Without changing a word, repeat the data, and include no pictures.

# [Given material]
* * *

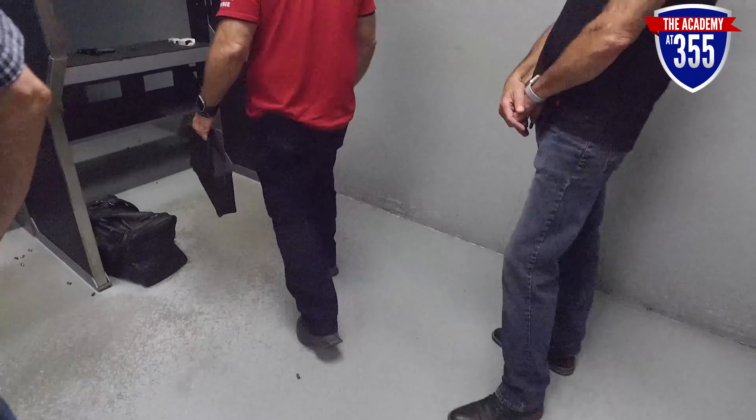We don't do any casing or uncasing in the back area for the safety of other individuals. Although you might think your firearm is unloaded, there's a good possibility it might not be.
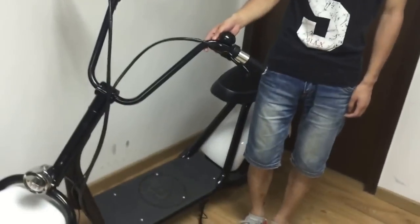Hi guys, I'm Chris from OneModel Scooter. Today I wanted to share with you this Fender Terce electric scooter.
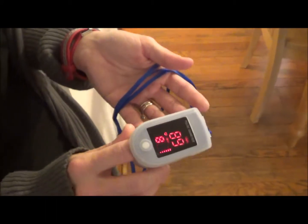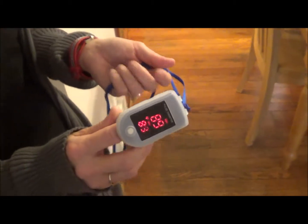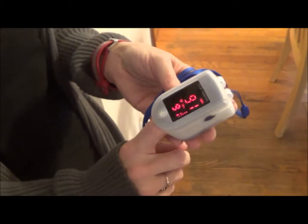It's also not recommended to use it for medical purposes. It's really intended for sports or aviation. This is the pulse oximeter by Anovo. Thanks for watching.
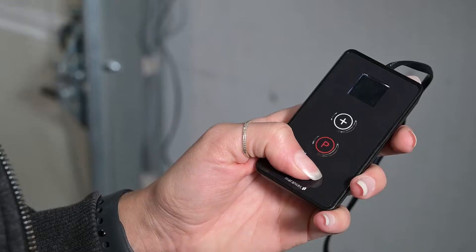Set up the closed position by holding down minus. Save with P.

* * *

# [Answer for the task]
We don't do any casing or uncasing in the back area for the safety of other individuals. Although you might think your firearm is unloaded, there's a good possibility it might not be.
Hi guys, I'm Chris from OneModel Scooter. Today I wanted to share with you this Fender Terce electric scooter.
It's also not recommended to use it for medical purposes. It's really intended for sports or aviation. This is the pulse oximeter by Anovo. Thanks for watching.
Set up the closed position by holding down minus. Save with P.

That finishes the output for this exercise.